Pray for France である。
今日ニュースで知りびっくりした。一月に起きたシャルリー・エブド社襲撃事件も衝撃的だったが,これはイスラム教徒を笑い者にしたエブド社への報復だったというような背景がありターゲットがはっきりしていたのに対し,今回は同時多発の無差別テロだったので,もうこういうところまで来てしまったのか,という深刻な事態をいやが上にも知らされた感がある。十三日の金曜日のテロ。悪魔の行為である。
IS が「犯行声明」を出したような報道があったのだけど,報道における声明文をみると,犯人を8人の兄弟,つまり同志と呼んでいるだけだった。事件の過程で死んだ犯人が8人だっただけで他に共犯者もいたらしいことを考えると,じつは事情のよくわからない IS の愚連隊が,自分の仕業だと勝手に誇示しているだけのようにも思われる。
極東にいて,新聞・テレビ・ネットニュースくらいからしか社会・世界の情報を得られず,普通に仕事をする社会人でしかない俺のような日本人からすれば,まだいまのところは,フランスの深刻な事態は遠いところの事件である。日本でも,集団的自衛権問題にひっかけてテロとの戦いに協力すると日本も狙われる,よって安保法制は悪だ,みたいな短絡的意見を述べる人がいる。でも,日本はそもそもイスラム国家に対して空爆をなす意思も,テロ戦争に関して実力行使を行った実績も,今後為す法的根拠もない(今般成立した安保法制に則っても「法的根拠がない」のだ。なぜならば,テロは国家による侵略ではないので「日本の存続危機状態」に含まれていないではないか)のだから,まったく現実性・実効性のない無意味な意見でしかないように,俺には思われる。それなら集団的自衛権を認める「普通の国」は皆テロ攻撃の対象になるというのと同じである。つまり,「普通の国」なら IS の主張に与する IS の友好国になる概念などありえない以上,「普通の国」は皆テロ対象になる,というのと同じである。たしかにそうかも知れないが,この論理はあまりに当たり前で,実質的意味が何もない(つまり,問題解決効果が何もない)。自己主張すると不当な反発にだって遭遇する,くらいのアホな意味しかない。

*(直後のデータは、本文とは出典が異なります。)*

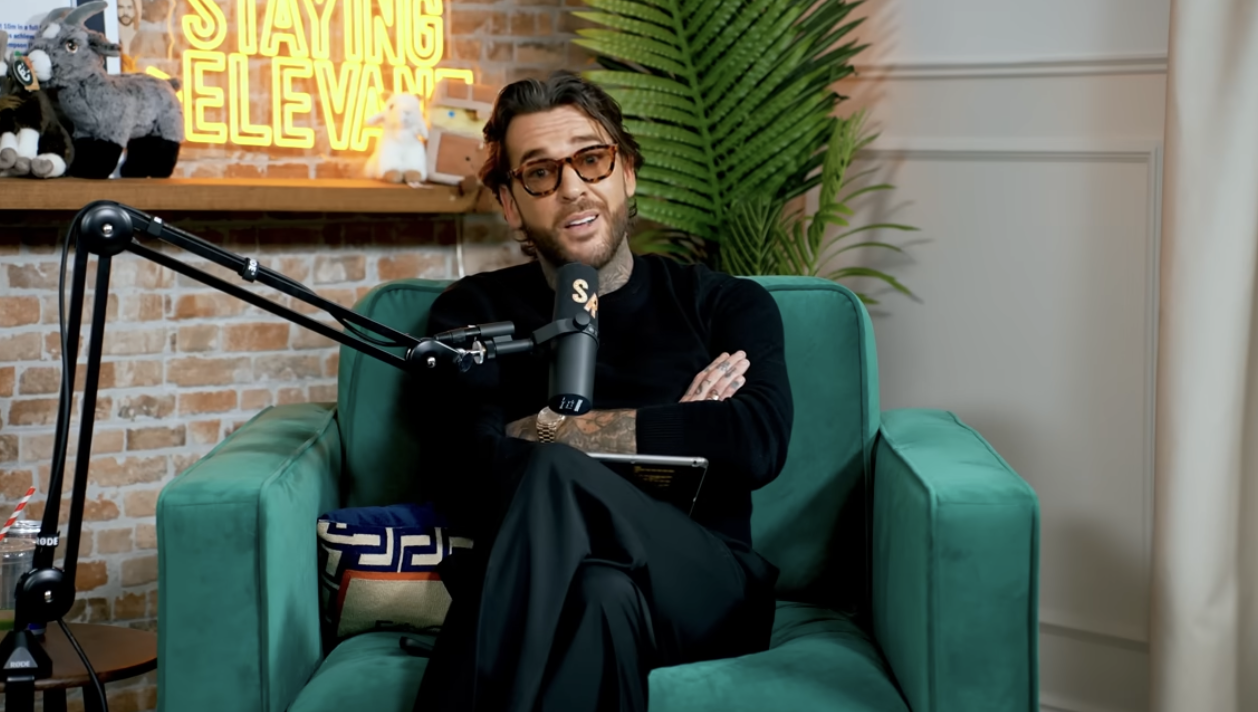 Pete Wicks on Staying Relevant podcast 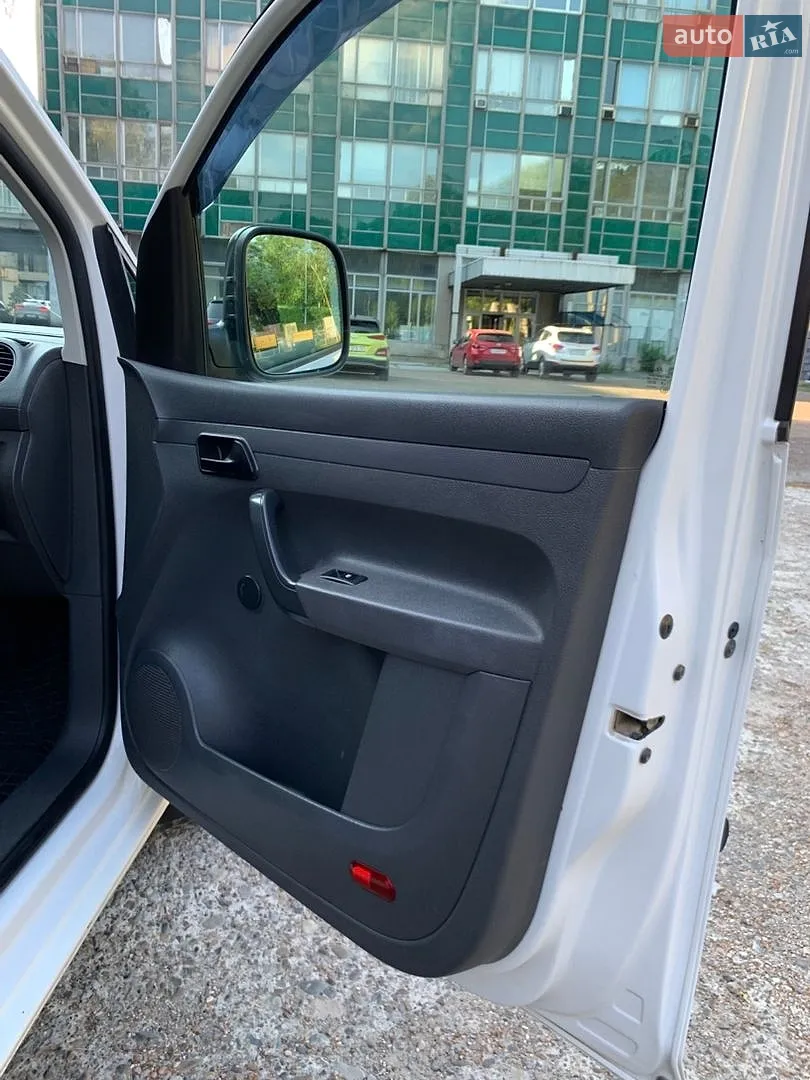2012 Volkswagen Caddy - мініатюра 18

それにしても,なんでフランスでこう立て続けに衝撃的テロ事件が起きるのだろうか。ちょっと理解できない。報道によれば,犯人はフランスがシリア空爆を行っていることに対するアラーの罰を加えたようなことを叫んだらしいが,それなら,シリア空爆のいちばんの担い手である米国やロシアが真っ先に標的になってもおかしくないはずではないか。やっぱり,ここにはフランス特有の事情による要因が大きいように思われる。専門家には,フランス特有の社会不安の背景を冷静に分析してもらいたいものである。